“Stand by me.” With a twinkle in her eyes, she whispered, “love the khaki, but ditch the artifacts of clothes, they are so passé.” She was standing in the window watching the silence of the rain, falling, thinking about her new “trashy romance,” yet to be published looking down at her hands and long talon nails like rivers reaching for veins, as the rains intensified with the sound of thunder, flooding her mind with lines of text for an erotic vampire novel.
The muses danced on her fingers as she thought—”her lips touched his penis, milking his soul through his cock”—before she snorted, “Too cliché”—inhaling an illicit dedication to another line.

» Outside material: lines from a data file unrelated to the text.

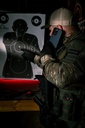 apple-iphone-15-tactical-magforce-hyperstealth-20-hatlap-tok-asphalt_4.jpg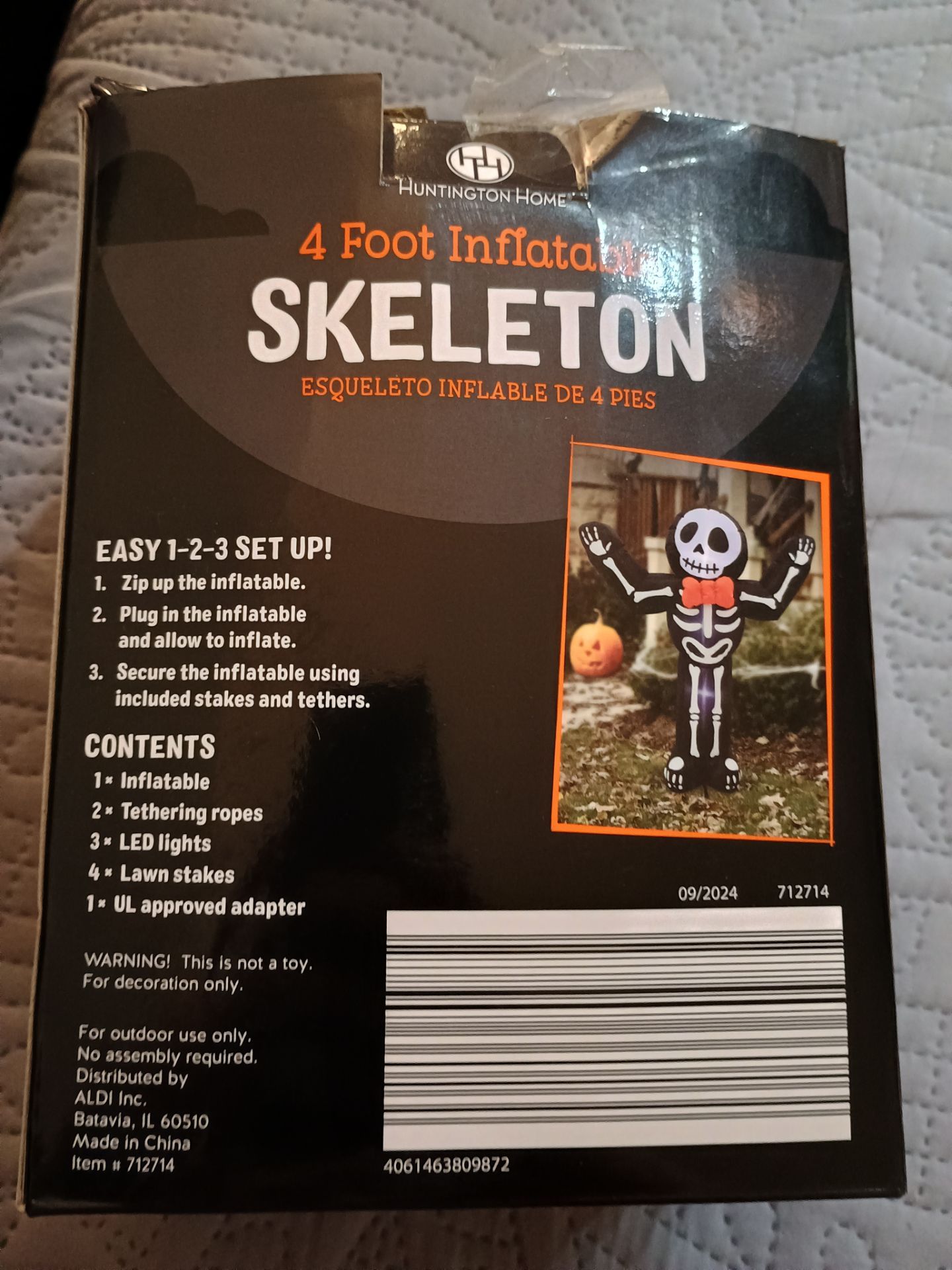 4 Foot inflatable Skeleton Halloween Decoration - photo 3
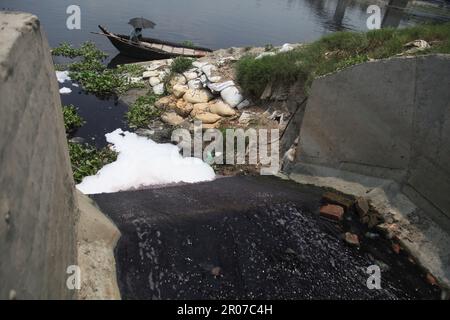 Rivière pollution05-05-2023 dhaka bangladesh la rivière shitalakshya est constamment polluée par les déchets toxiques des industries.Nazmul Islam/Alamy stock liv Banque D'Images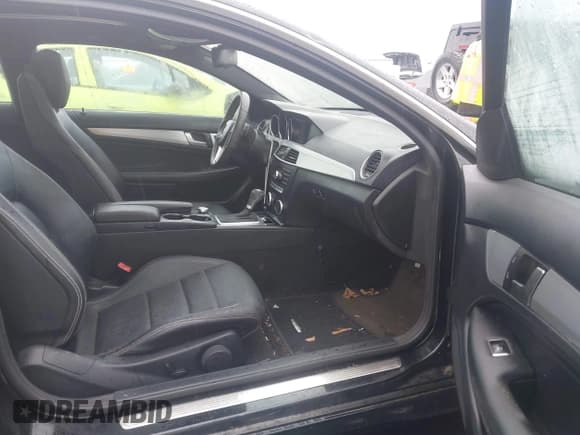 ✅ 2014 Mercedes-Benz C 250 • VIN: WDDGJ4HB5EG289213 • Lot: 42933366. Wystawiony na IAAI z przebiegiem 125 396 mil. Bezpłatny archiwum sprzedaży aukcyjnych z USA i szczegółowy raport historii pojazdu na DreamBid. Zdjęcie 5.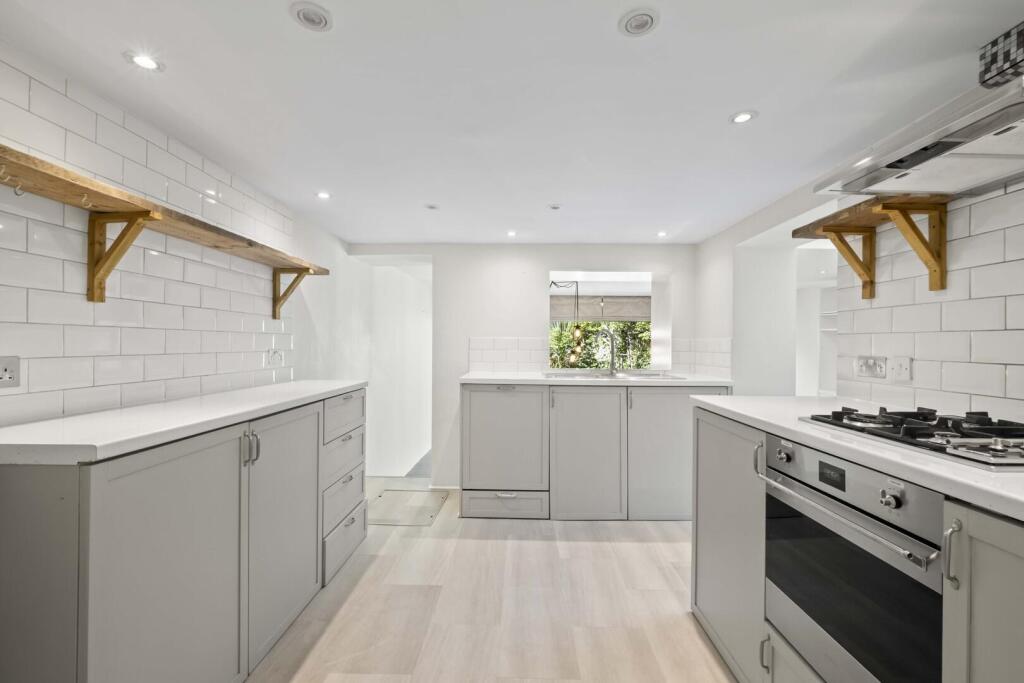 Barclay Road, Fulham - View 6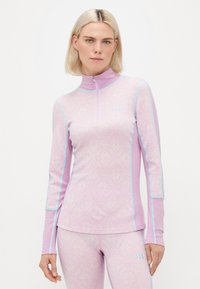 Gai violeta garām piedurknēm tops ar rāvējslēdzēju apkakli, kuram ir maiga ziedu raksts, kontrastējošas gaiši zilas dekošanas šuves un pieguļoša forma.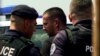 Kosovska policija privodi Rista Jovanovića (28. jun 2021.)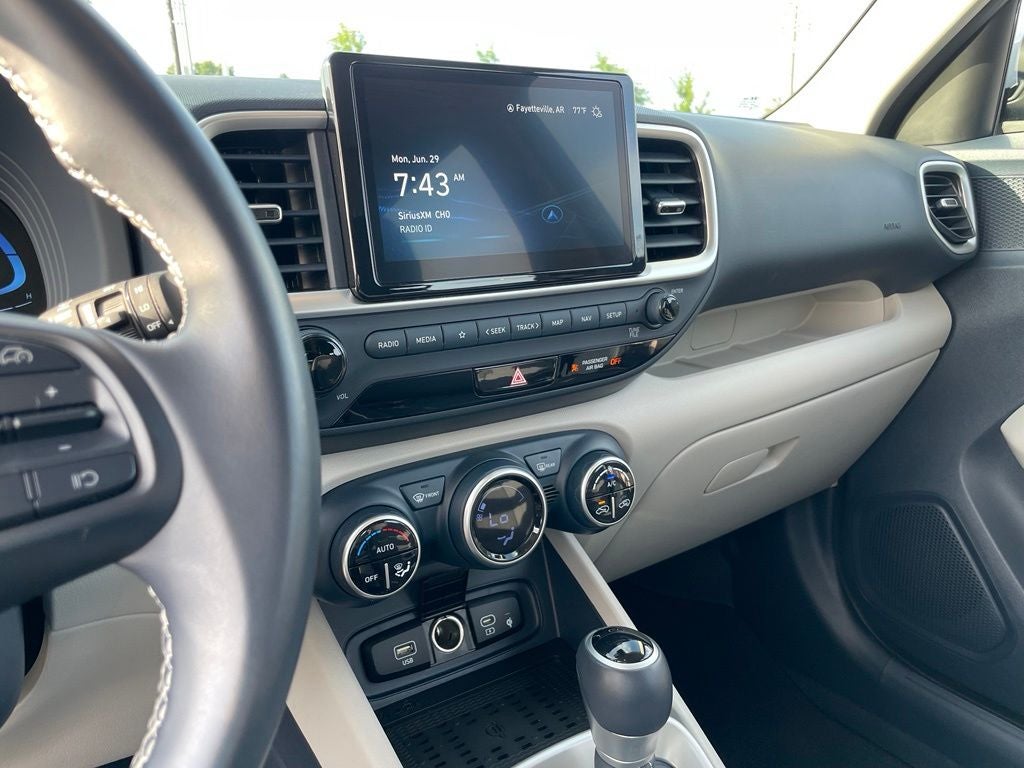 2024 Hyundai Venue Limited - NAVIGATION / BLUELINK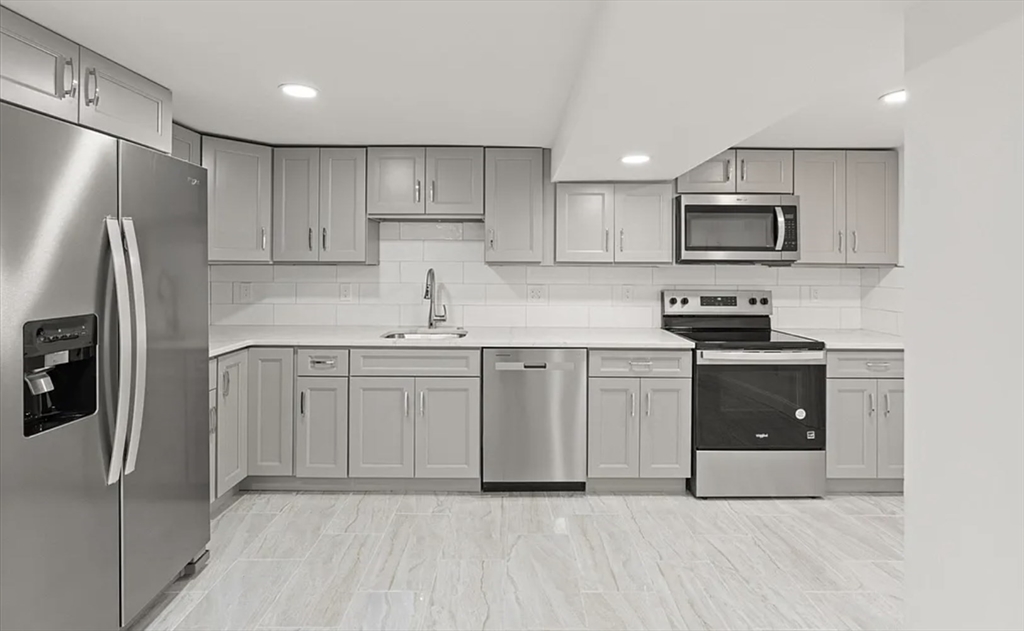 3 bed, 2 bath apartment for rent at 320 Malden St Unit 1, Revere — photo 4 of 13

“Her fangs ran down his thighs like braille in a storm”—as the wind rattled the pane, rattling her thoughts, “wondering how many throats have been chosen, bitten open.” How many bodies had been savored, now ensconced in their own cedar chests, upstairs
Mingora flexed her hands, imagining the scrape of nails against bare skin, the shudder of a victim (no, a *lover*, the manuscript insisted) as those talons traced the dip of a spine. “Too tender,” she muttered, and deleted the thought—Waiting for her mortal husband to return home with a portmanteau, from a business, co-op in Saginaw, bearing decayed carrion flowers, and whatever blue-collar musk lingered on him after twelve hours driving the interstate. Blood was better fresh, but fiction demanded compromise.
Outside, headlights cut through the downpour—her husband’s Kia, rattling up the gravel drive. She licked her lips, with a single thought, wanting his pulse under her tongue, without a single metaphor.